No action recommendation passes by a voice vote.
(Note: the resident who filed Article 13 will be pursuing changes to the MBTA neighborhood districts via amendments to article 12).
Article 14 - Fossil Fuel Free Infrastructure Demonstration
(Eric Helmuth, Select Board Chair) Mr. Helmuth tells town meeting that the Select Board recommended favorable action on Article 14 by a vote of 4--0--1. He says the leadership of this body couldn't be on better display, when it comes to walking the walk on climate change. He thinks the community wants to be a leader.
(Ryan Katofsky, Clean Energy Future Committee) Mr. Katofsky says that electrification of buildings is a part of the net zero action plan. As we incorporate more renewable energy sources into the grid, electrification means that building green house emissions will go down. Town meeting passed something similar to Article 14 in 2020, as a home rule petition. The legislature did not pass our home rule petition. Instead, they developed a pilot program where ten cities and towns would be able to enact local regulation on the use of fossil fuels in new construction.
(Talia Fox, Planning Department) Ms. Fox says that the state is allowing ten municipalities to participate in the fossil fuel-free demonstration program, but there are requirements. One of the requirements is that municipalities must re-adopt bylaws regulating fossil fuels. DOER created a model code, which municipalities are encouraged to adopt. Article 14 aligns with DOER's model code, and makes considerations for how the technologies have changed over the last three years. The updated bylaw aligns various thresholds with DOER rules, and it removes the exemption for indoor cooking. There's a higher square foot threshold for the domestic hot water exemption, and an update to the bylaw's effective date. Ms. Fox says this doesn't apply to additions or changes in use. If this bylaw were in effect in 2022, it would have applied to a total of 70 buildings. Electrifying buildings now will avoid the need for costly retrofits later on.
(Sanjay Newton, Point of order) Mr. Newton says the timer display is flickering back and fourth between numbers.
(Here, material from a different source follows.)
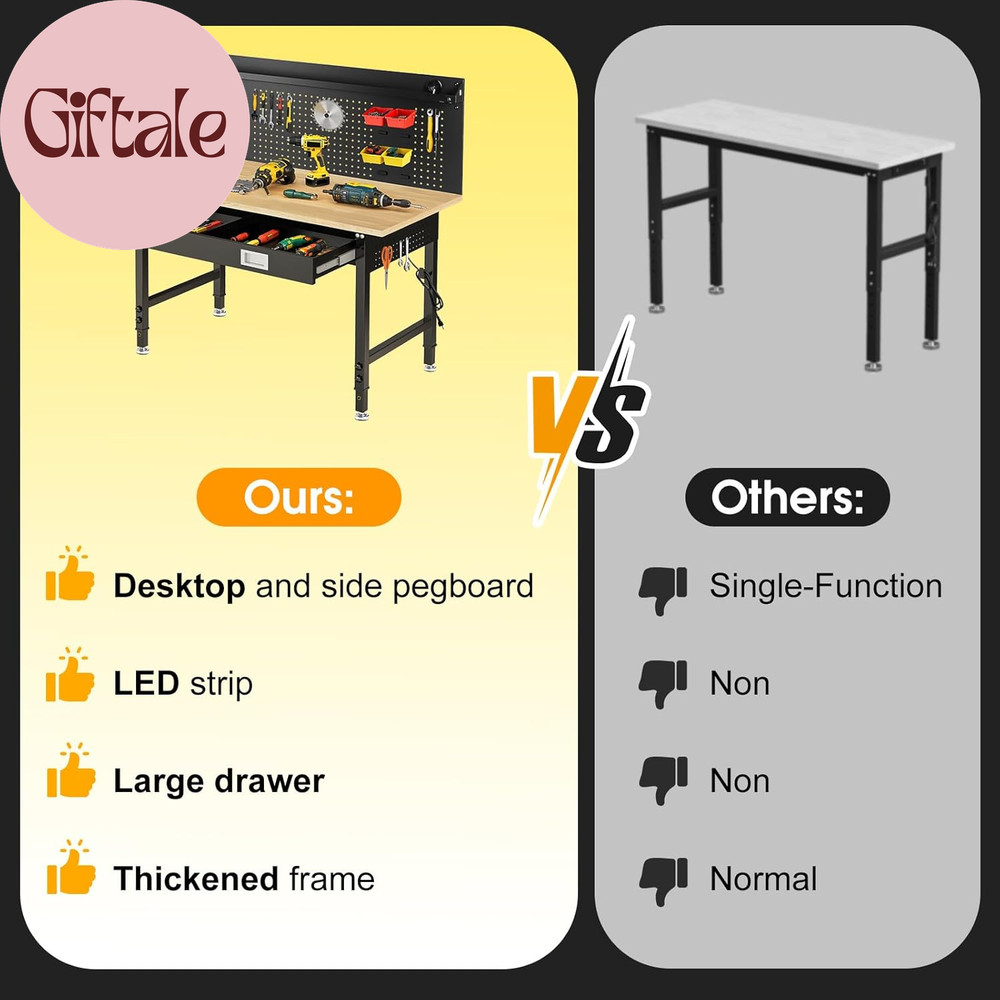 60" Adjustable Work Bench with Drawers, Workbench for Garage with Strip Light, W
(Greg Christiana, Town Moderator) Mr. Christiana says he's not seeing that on his clock, and he believes he'll be able to track speaking times.
(Amos Meeks, Precinct 3) Mr. Meeks strongly supports Article 14, which is a continuation of the clean heat bylaw from 2020. The 2020 version had an exemption for gas cooking appliances, but that's been left out of the current version. Three years later, we know more about the effects of gas cooking and child asthma.
(Ed Trembly, Precinct 19) Mr. Trembly says he doesn't know where to begin with this article. He asks how many new electric substations we're going to need, in order to electrify everything.
(Ryan Katofsky) Mr. Katofsky says he can't give a specific number. It depends on how the grid operators manage the grid.
(Ed Trembly) Mr. Trembly says he's heard that Cambridge will need five new substations. The first one of those will be in Kendall Square and will cost $1.4 billion. He emphasizes that Cambridge will need five of these, and he thinks that Arlington will need at least one. Mr. Trembly says there are lots of things that make housing expensive, and energy costs are a part of that. He notes that the article 14 would prohibit gas cooking appliances. Mr. Trembly says people can spend thousands of dollars on induction stoves, and then thousands of dollars on cookware that works with them. He says this doesn't make housing more affordable. Mr. Trembly asks "what if it gets cold?". He doesn't think that air source heat pumps can keep up during the coldest parts of the winter, and the more efficient ones cost twenty or thirty thousand dollars. He asks what that will do to the grid. He says that so many parts of this article strike him as a bad idea, and passing legislation for something that doesn't exist seems like a bad idea.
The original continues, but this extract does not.